Provides GPU-accelerated TreeSHAP computations for explaining tree-based model predictions, supporting standard, interventional, interaction, and Taylor interaction SHAP methods.

Description

This header defines the API for GPU TreeSHAP, which computes SHAP (SHapley Additive exPlanations) values for tree ensemble models efficiently on the GPU. It consists of the following components:

  • TreePathInfo<T>: A forward-declared template class that stores the internal path information extracted from a Treelite model, parameterized on float or double.
  • TreePathHandle: A std::variant holding either std::shared_ptr<TreePathInfo<float>> or std::shared_ptr<TreePathInfo<double>>, providing type-erased access to the path information.
  • FloatPointer: A std::variant<float*, double*> for type-erased data pointers.
  • extract_path_info: Extracts the tree path information from a Treelite model handle, returning a TreePathHandle.
  • gpu_treeshap: Computes standard TreeSHAP values.
  • gpu_treeshap_interventional: Computes interventional TreeSHAP values using a background dataset.
  • gpu_treeshap_interactions: Computes pairwise SHAP interaction values.
  • gpu_treeshap_taylor_interactions: Computes Taylor interaction SHAP values.

Usage

Use these functions to explain predictions from tree ensemble models (e.g., XGBoost, LightGBM, Random Forest) that have been loaded as Treelite models.

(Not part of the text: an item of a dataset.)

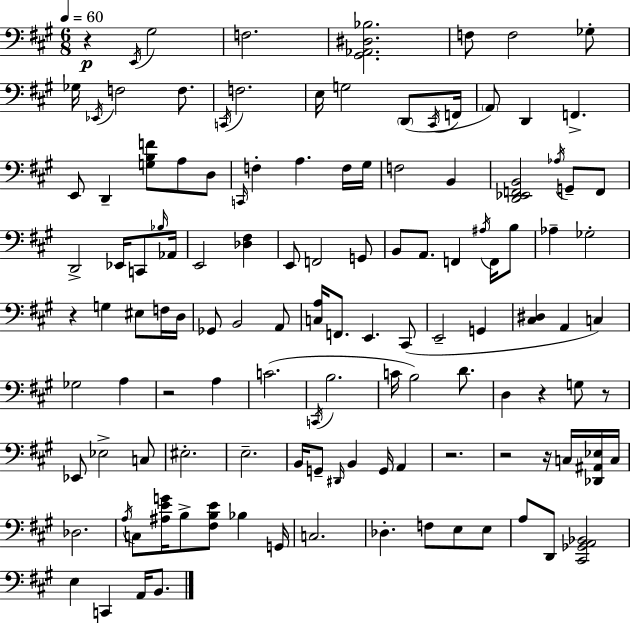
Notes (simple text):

R/q E2/s G#3/h F3/h. [G#2,Ab2,D#3,Bb3]/h. F3/e F3/h Gb3/e Gb3/s Eb2/s F3/h F3/e. C2/s F3/h. E3/s G3/h D2/e C#2/s F2/s A2/e D2/q F2/q. E2/e D2/q [G3,B3,F4]/e A3/e D3/e C2/s F3/q A3/q. F3/s G#3/s F3/h B2/q [D2,Eb2,F2,B2]/h Ab3/s G2/e F2/e D2/h Eb2/s C2/e Bb3/s Ab2/s E2/h [Db3,F#3]/q E2/e F2/h G2/e B2/e A2/e. F2/q A#3/s F2/s B3/e Ab3/q Gb3/h R/q G3/q EIS3/e F3/s D3/s Gb2/e B2/h A2/e [C3,A3]/s F2/e. E2/q. C#2/e E2/h G2/q [C#3,D#3]/q A2/q C3/q Gb3/h A3/q R/h A3/q C4/h. C2/s B3/h. C4/s B3/h D4/e. D3/q R/q G3/e R/e Eb2/e Eb3/h C3/e EIS3/h. E3/h. B2/s G2/e D#2/s B2/q G2/s A2/q R/h. R/h R/s C3/s [Db2,A#2,Eb3]/s C3/s Db3/h. A3/s C3/e [A#3,E4,G4]/s B3/e [F#3,B3,E4]/e Bb3/q G2/s C3/h. Db3/q. F3/e E3/e E3/e A3/e D2/e [C#2,Gb2,A2,Bb2]/h E3/q C2/q A2/s B2/e.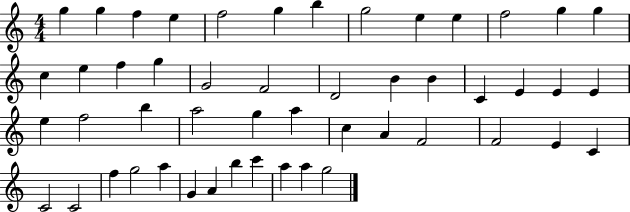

First call extract_path_info to prepare the tree structure, then call the appropriate gpu_treeshap* variant to compute SHAP values on GPU.

Code Reference

Source Location

  • Repository: Rapidsai_Cuml
  • File: cpp/include/cuml/explainer/tree_shap.hpp

Signature

namespace ML {
namespace Explainer {

template <typename T>
class TreePathInfo;

using TreePathHandle =
  std::variant<std::shared_ptr<TreePathInfo<float>>,
               std::shared_ptr<TreePathInfo<double>>>;

using FloatPointer = std::variant<float*, double*>;

TreePathHandle extract_path_info(TreeliteModelHandle model);

void gpu_treeshap(TreePathHandle path_info,
                  const FloatPointer data,
                  std::size_t n_rows,
                  std::size_t n_cols,
                  FloatPointer out_preds,
                  std::size_t out_preds_size);

void gpu_treeshap_interventional(TreePathHandle path_info,
                                 const FloatPointer data,
                                 std::size_t n_rows,
                                 std::size_t n_cols,
                                 const FloatPointer background_data,
                                 std::size_t background_n_rows,
                                 std::size_t background_n_cols,
                                 FloatPointer out_preds,
                                 std::size_t out_preds_size);

void gpu_treeshap_interactions(TreePathHandle path_info,
                               const FloatPointer data,
                               std::size_t n_rows,
                               std::size_t n_cols,
                               FloatPointer out_preds,
                               std::size_t out_preds_size);

void gpu_treeshap_taylor_interactions(TreePathHandle path_info,
                                      const FloatPointer data,
                                      std::size_t n_rows,
                                      std::size_t n_cols,
                                      FloatPointer out_preds,
                                      std::size_t out_preds_size);

}  // namespace Explainer
}  // namespace ML

Import

#include <cuml/explainer/tree_shap.hpp>

I/O Contract

Inputs (extract_path_info)

Name Type Required Description
model TreeliteModelHandle Yes Handle to a loaded Treelite model

Inputs (gpu_treeshap)

Name Type Required Description
path_info TreePathHandle Yes Tree path information extracted from the model
data const FloatPointer Yes Device pointer to the input feature matrix [n_rows x n_cols]
n_rows std::size_t Yes Number of rows in the data
n_cols std::size_t Yes Number of columns (features) in the data
out_preds_size std::size_t Yes Size of the output predictions buffer

Inputs (gpu_treeshap_interventional, additional)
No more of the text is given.